🤖 AI Summary
Visual closed-loop control system verification faces dual challenges: the high dimensionality of images and the difficulty of environmental modeling. Existing camera surrogates based on stochastic generative models introduce latent variables, leading to over-approximation errors. This paper proposes a Deterministic World Model (DWM), the first fully deterministic state-to-image mapping architecture, eliminating conservatism induced by stochasticity. We design a control divergence loss to ensure behavioral consistency in closed-loop execution. Furthermore, we integrate StarV reachability analysis with conformal prediction to derive provably sound and tight statistical bounds on trajectory deviation.

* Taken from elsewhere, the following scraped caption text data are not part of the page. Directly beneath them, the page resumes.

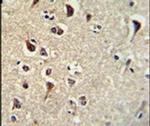 KLF11 Antibody in Immunohistochemistry (IHC)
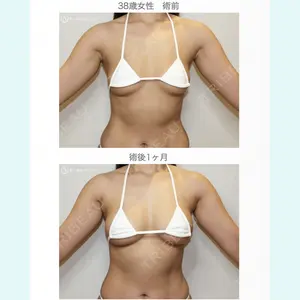 聖心美容クリニック 札幌院 前多 一彦医師の症例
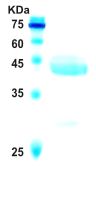 Hepatitis C virus (HCV) NS3 protein  (AA1368-1490)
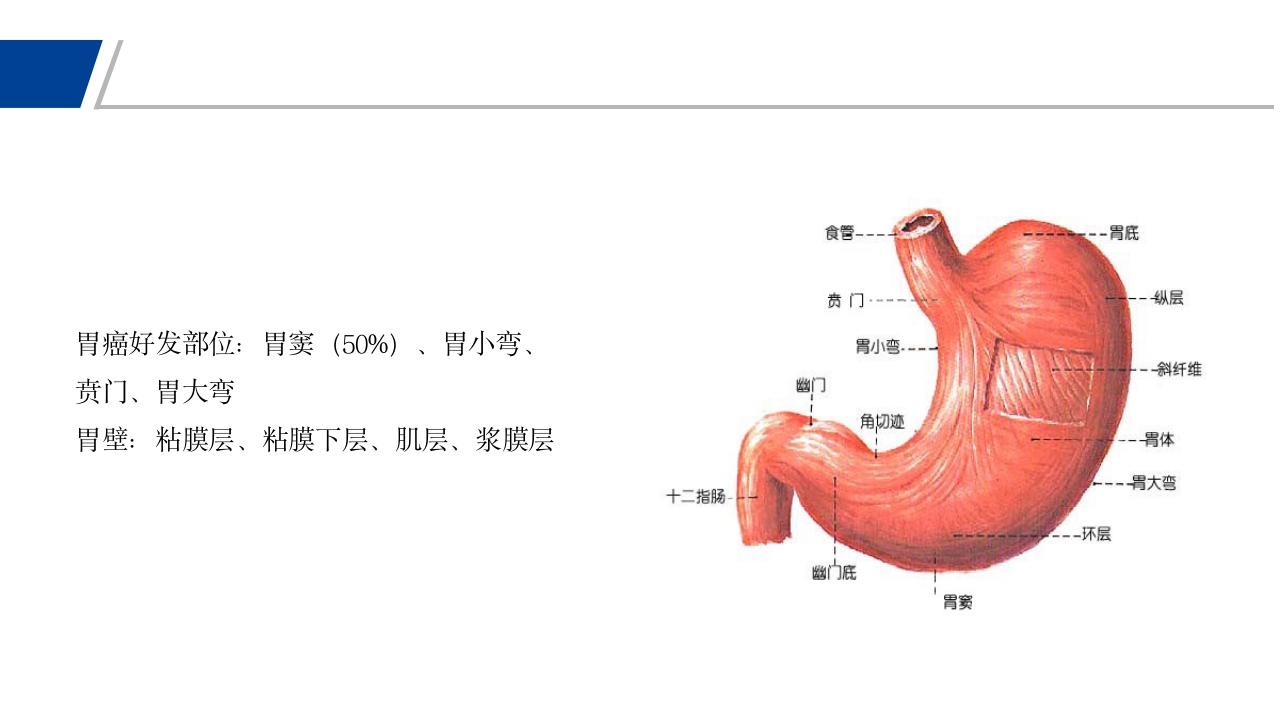 胃癌PPT课件8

Experiments on standard benchmarks demonstrate that DWM significantly reduces reachable set volume and improves verification success rates. Crucially, its deviation bounds are tighter and more reliable than those of latent-variable baselines.
📝 Abstract
Verifying closed-loop vision-based control systems remains a fundamental challenge due to the high dimensionality of images and the difficulty of modeling visual environments. While generative models are increasingly used as camera surrogates in verification, their reliance on stochastic latent variables introduces unnecessary overapproximation error. To address this bottleneck, we propose a Deterministic World Model (DWM) that maps system states directly to generative images, effectively eliminating uninterpretable latent variables to ensure precise input bounds. The DWM is trained with a dual-objective loss function that combines pixel-level reconstruction accuracy with a control difference loss to maintain behavioral consistency with the real system. We integrate DWM into a verification pipeline utilizing Star-based reachability analysis (StarV) and employ conformal prediction to derive rigorous statistical bounds on the trajectory deviation between the world model and the actual vision-based system. Experiments on standard benchmarks show that our approach yields significantly tighter reachable sets and better verification performance than a latent-variable baseline.